(Entries provided Opens)
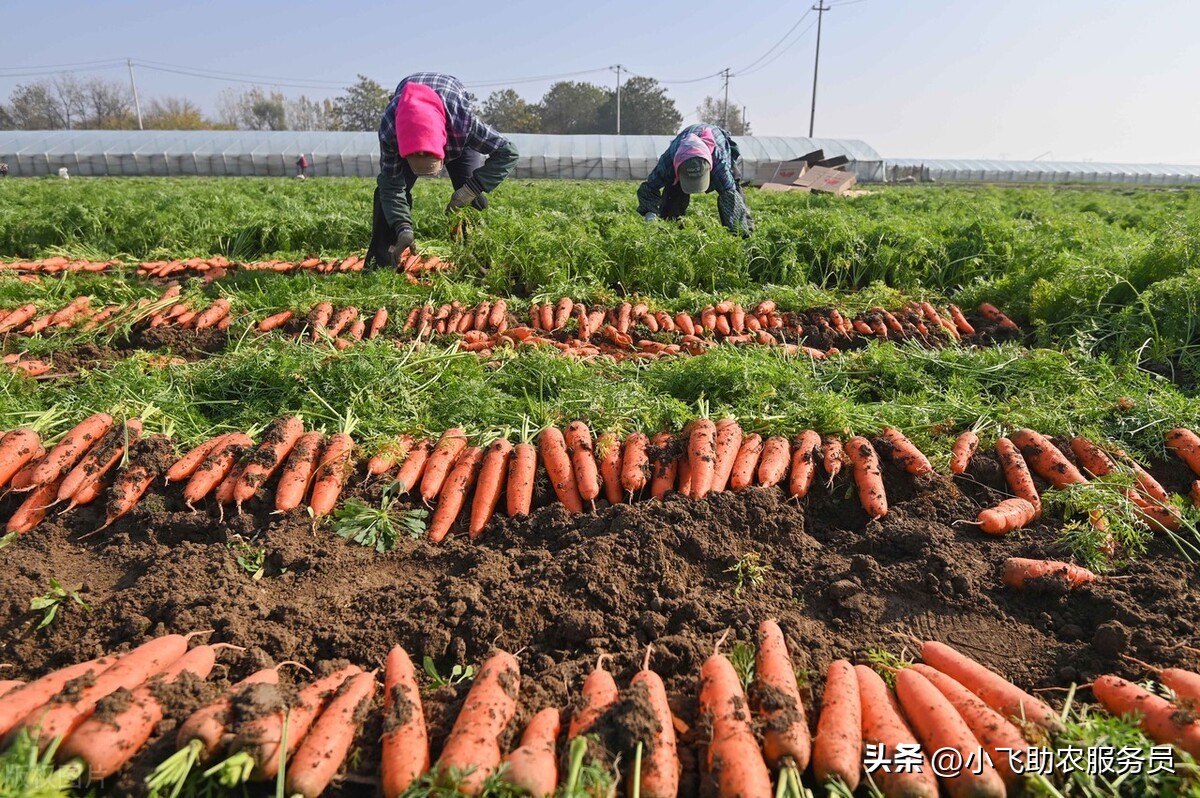 胡萝卜种子怎么这么贵,为什么日本胡萝卜比较贵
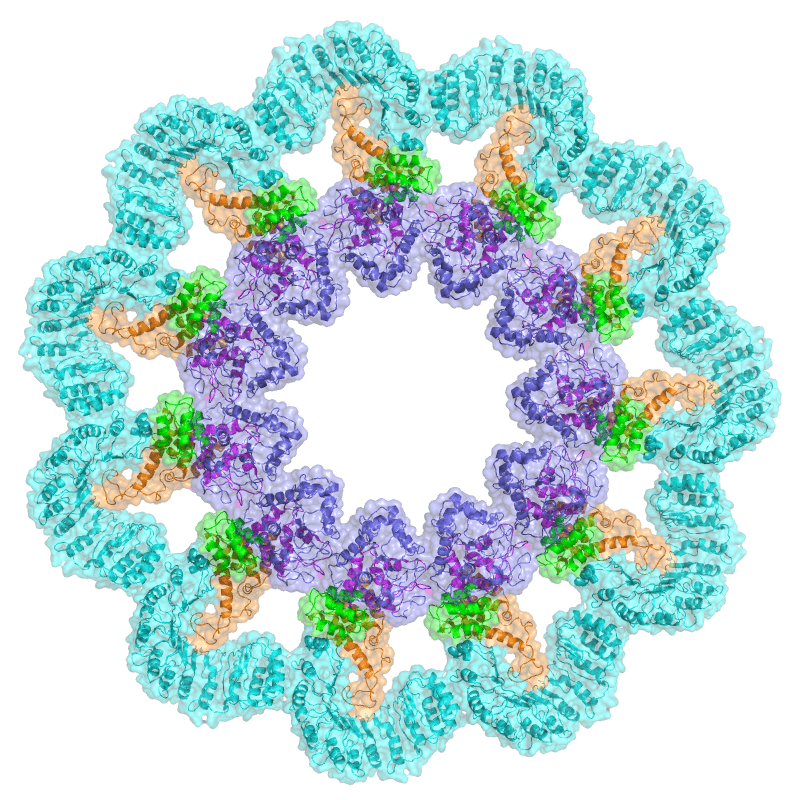 inflammasome Zhang Wu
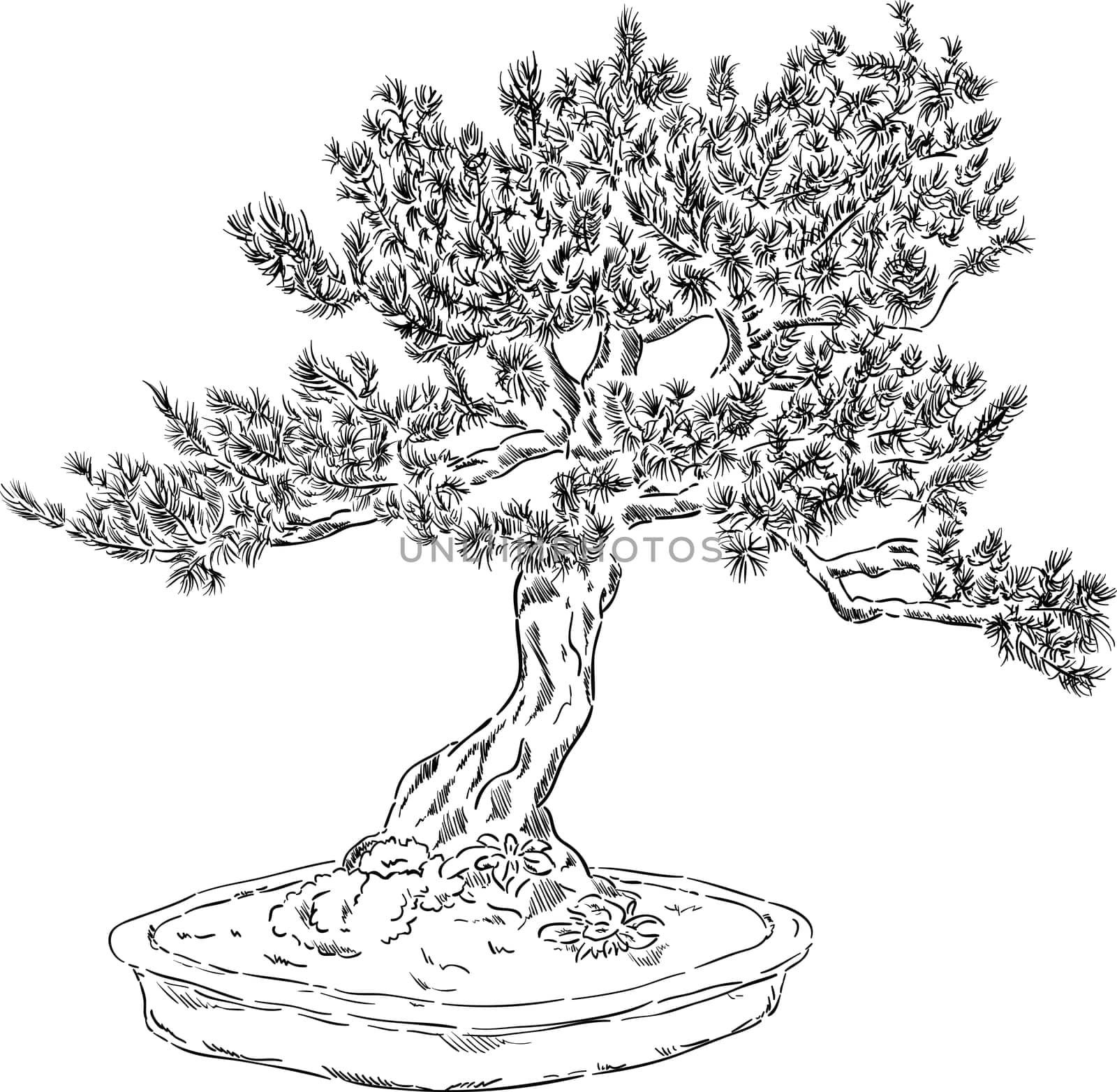 vector - bonsai tree in a flowerpot , isolated on background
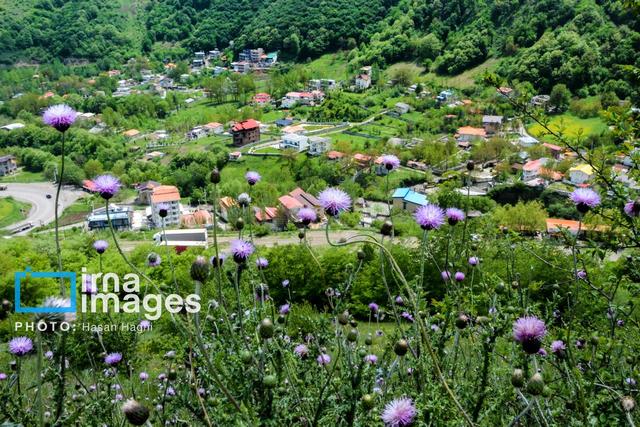 فیلم/ واکاوی عوامل تهدیدزا جنگل‌های هیرکانی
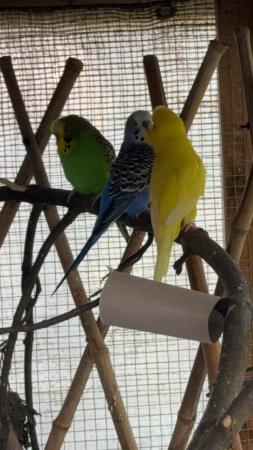 Image 7 of Budgie and cockatiel rescue (NOT FOR SALE)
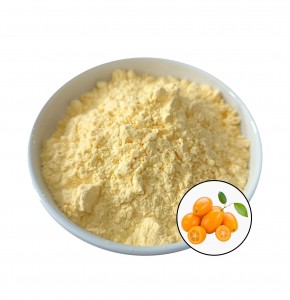 Manufacturer spot kumquat powder Stock in USA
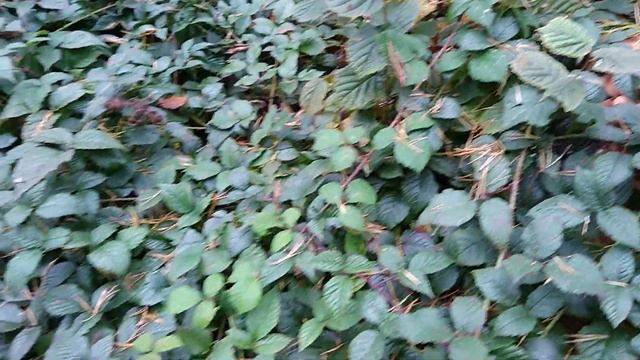 Грибы Карпат. Грибное место недалеко от Яремче смотреть онлайн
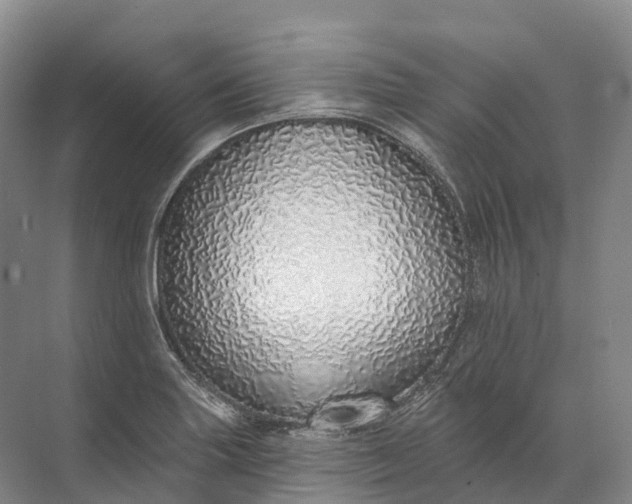 X0000072511227200607290124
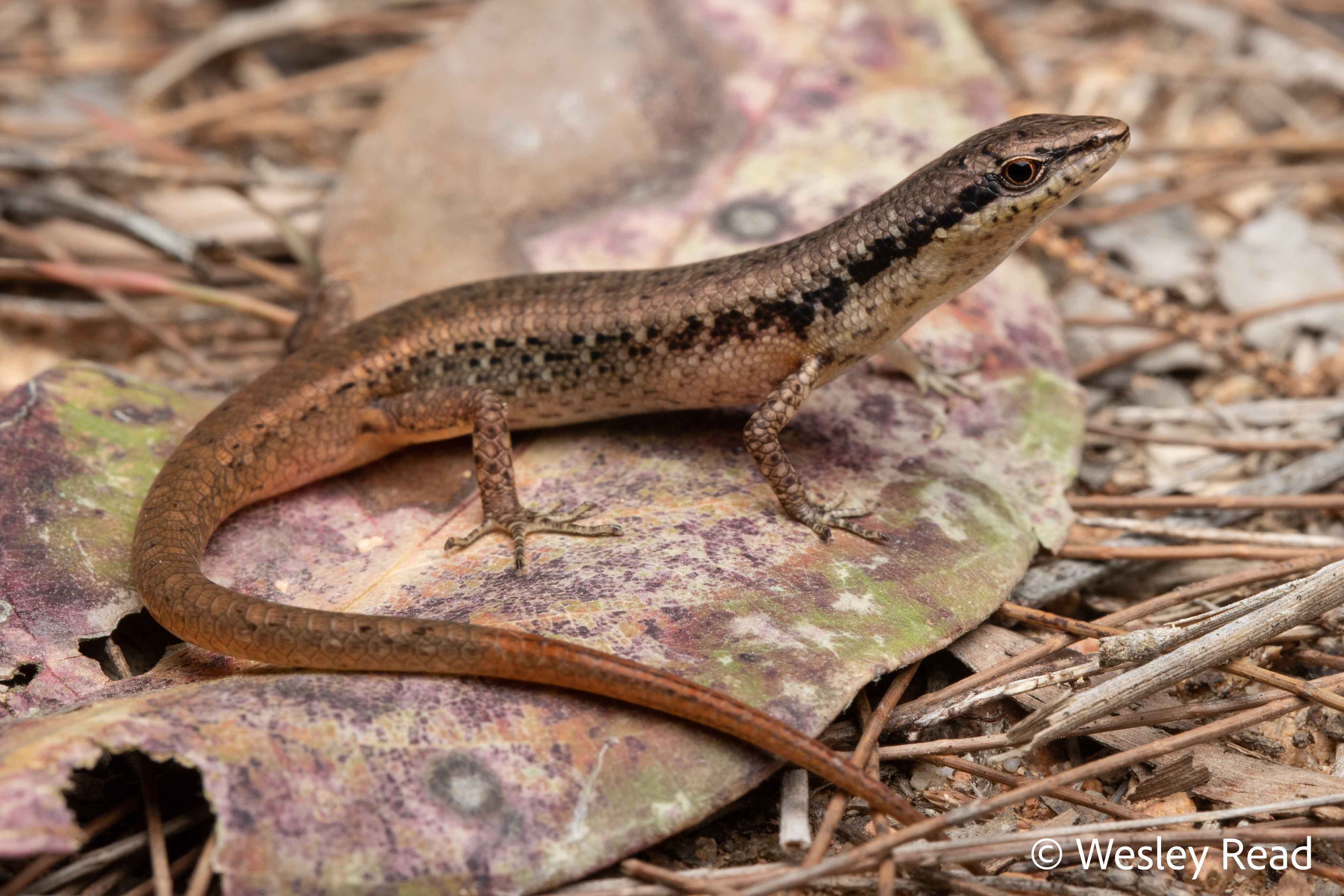 Saproscincus basiliscus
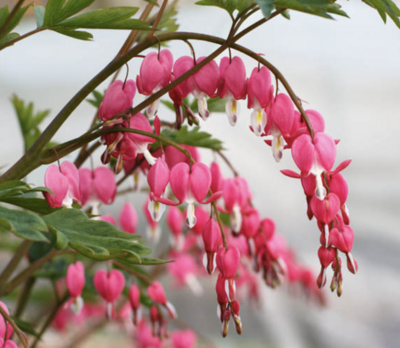 Dicentra s. 'Pink' #1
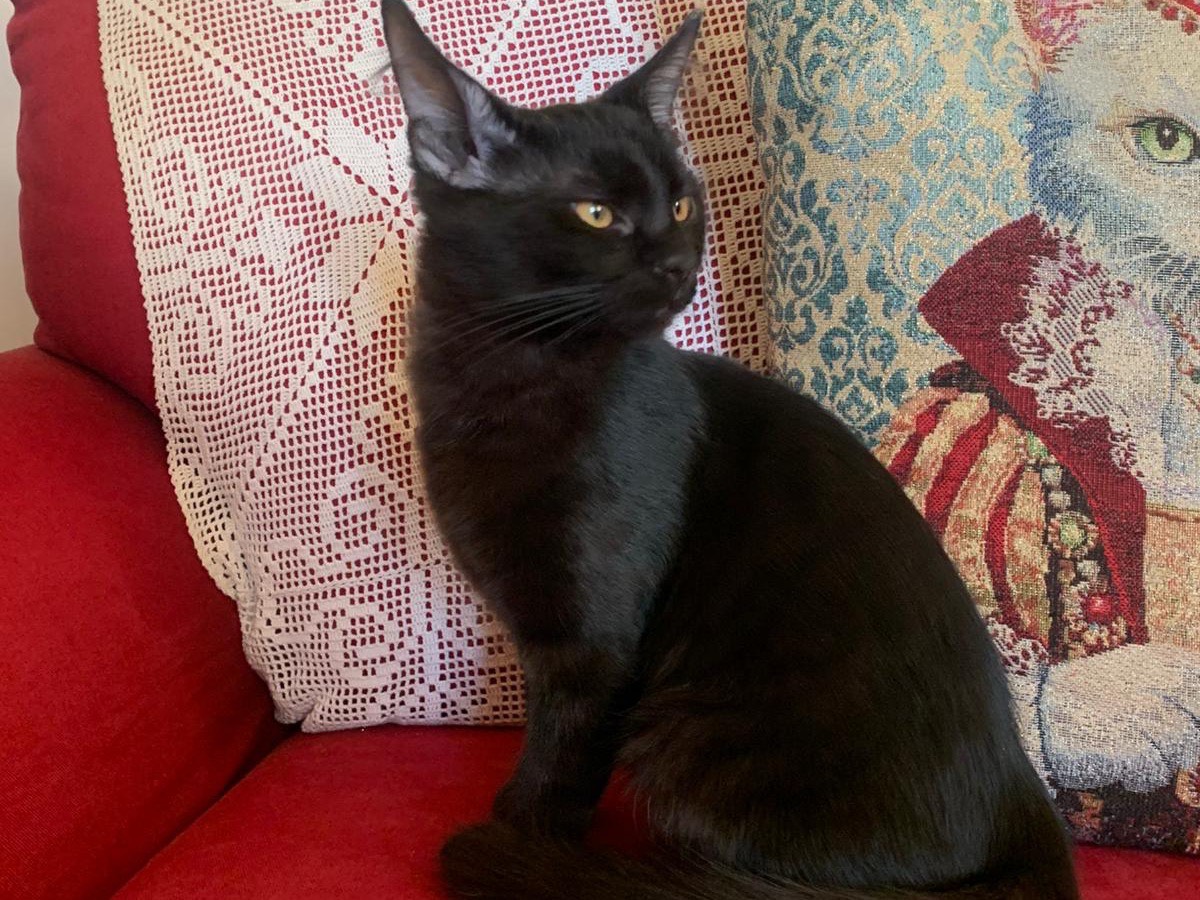 Vuoi adottare un gatto a Latina?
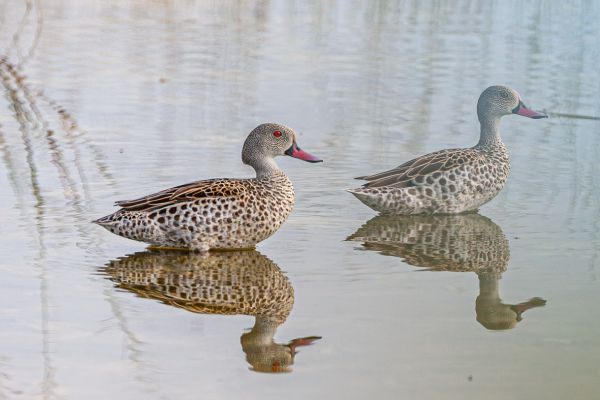 Red-billed Teal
(Entries provided Closes)
From the first line to the last, repeat the records exactly, leaving out the pictures.

 胡萝卜种子怎么这么贵,为什么日本胡萝卜比较贵
 inflammasome Zhang Wu
 vector - bonsai tree in a flowerpot , isolated on background
 فیلم/ واکاوی عوامل تهدیدزا جنگل‌های هیرکانی
 Image 7 of Budgie and cockatiel rescue (NOT FOR SALE)
 Manufacturer spot kumquat powder Stock in USA
 Грибы Карпат. Грибное место недалеко от Яремче смотреть онлайн
 X0000072511227200607290124
 Saproscincus basiliscus
 Dicentra s. 'Pink' #1
 Vuoi adottare un gatto a Latina?
 Red-billed Teal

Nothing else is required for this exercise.